Primatene has ephedrine, which is a _much_ better decongestant. (Which is
saying alot because pseudoephedrine is already much better than the OTC
replacements.) Primatene also has guaifenesin, which is the best expectorant
and usually only found in the expensive Mucinex brand products or similarly
expensive competitor products.

[WARNING] Both ephedrine and guaifenesin can increase your blood pressure, so
don't take Primatene if you have high blood pressure or have other reasons to
be cautious.

However, if you're otherwise healthy it's the best non-prescription medicine
you can buy in the U.S. for treating the long tail of a cold. And there's
probably no better prescription medicine, either.

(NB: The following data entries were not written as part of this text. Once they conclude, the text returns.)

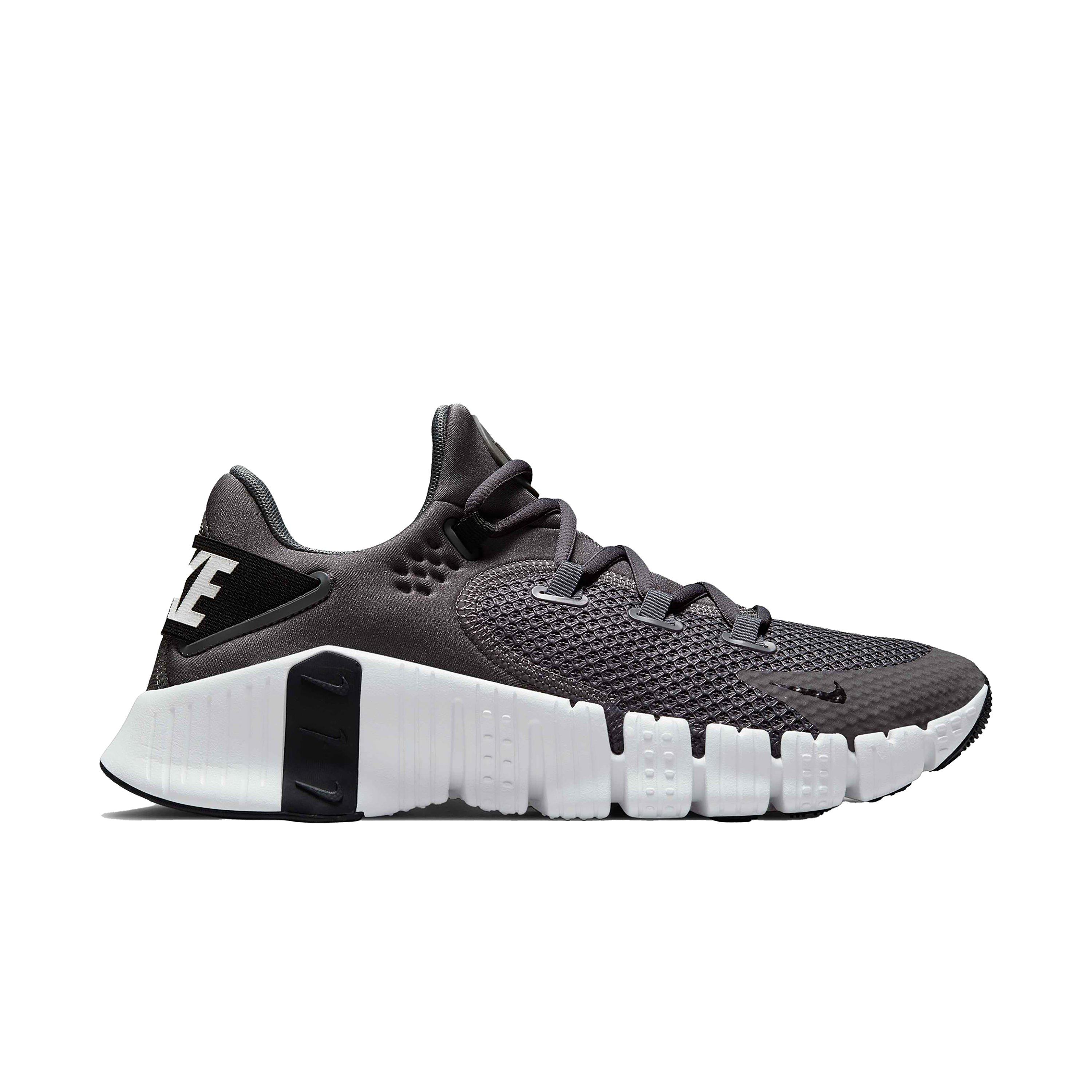 Nike free clearance metcon black white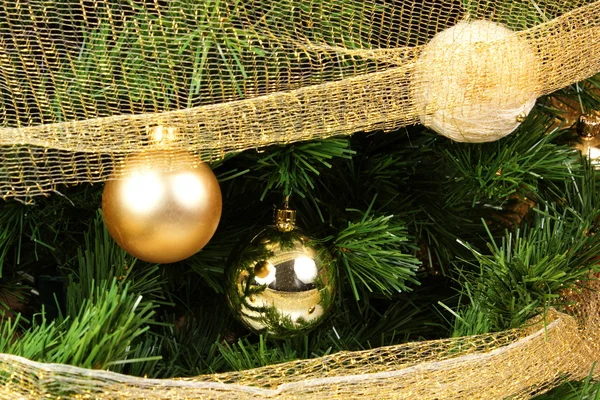 Kerstboom en ballen — Stockfoto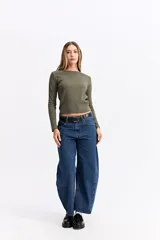 Remera de manga larga con cuello redondo y ajuste al cuerpo, confeccionada en tejido de algodón con textura acanalada.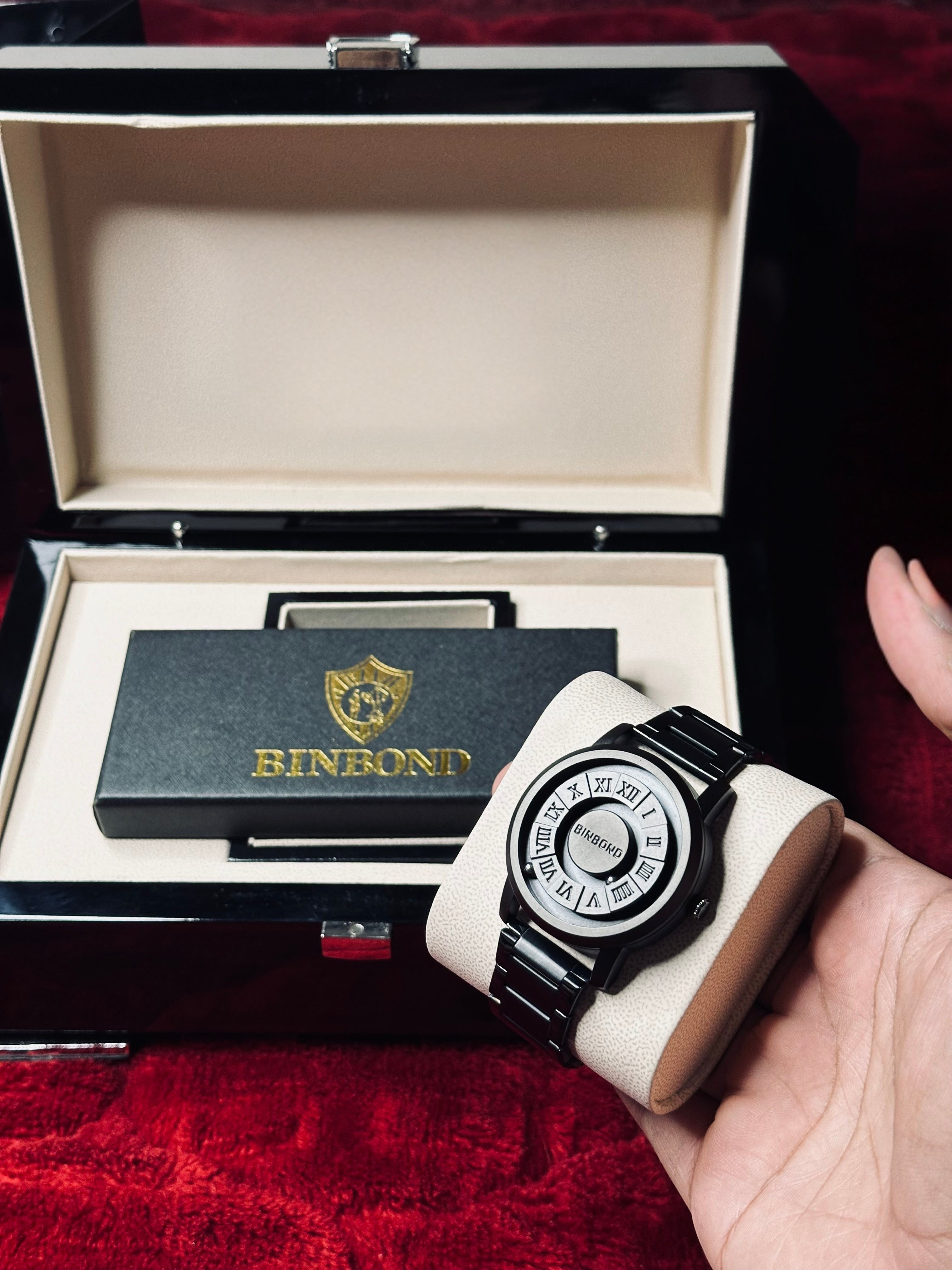 BINDBOND Arm-Less Watch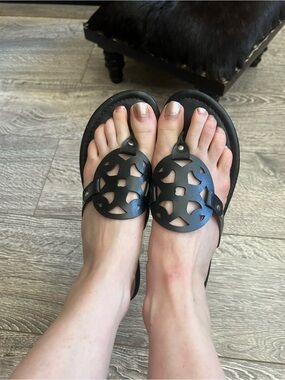 Sugar Black Cutout Round Emblem Slide Sandals
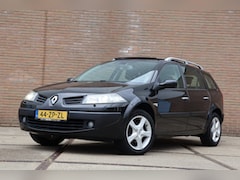 Renault Mégane Grand Tour - 2.0-16V Tech Line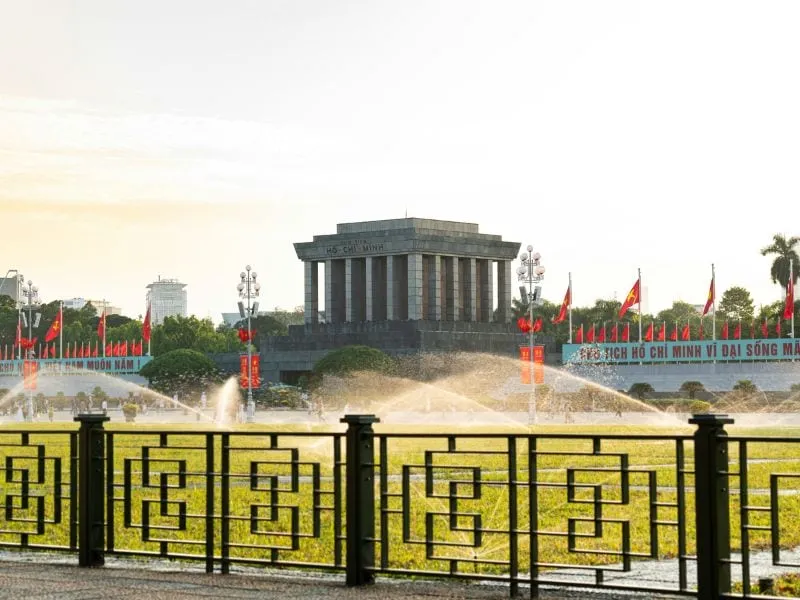 Tour Vietnam Maret 2025: Destinasi Hits & Baru Mulai 7 Jutaan!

Bonus: ephedrine is a stimulant that can counteract the drowsiness effects of
first-generation antihistamines like diphenhydramine or doxylamine. In about
1/3 of people, including myself, first-generation antihistamines can stop the
sneezing, coughing, and runny nose caused by cold viruses. I don't think
second-generation antihistamines work as well in that regard. Anyhow, if we're
being honest ephedrine also helps you get through the work day while sick,
whether or not you took an antihistamine.

Yes, I've mentioned this cocktail to several doctors (including several of my
own doctors), and they've always been cool with it. Always with the caveat
about blood pressure, though. I assume because of the ephedrine. I don't think
most doctors know that guaifenesin can also increase blood pressure.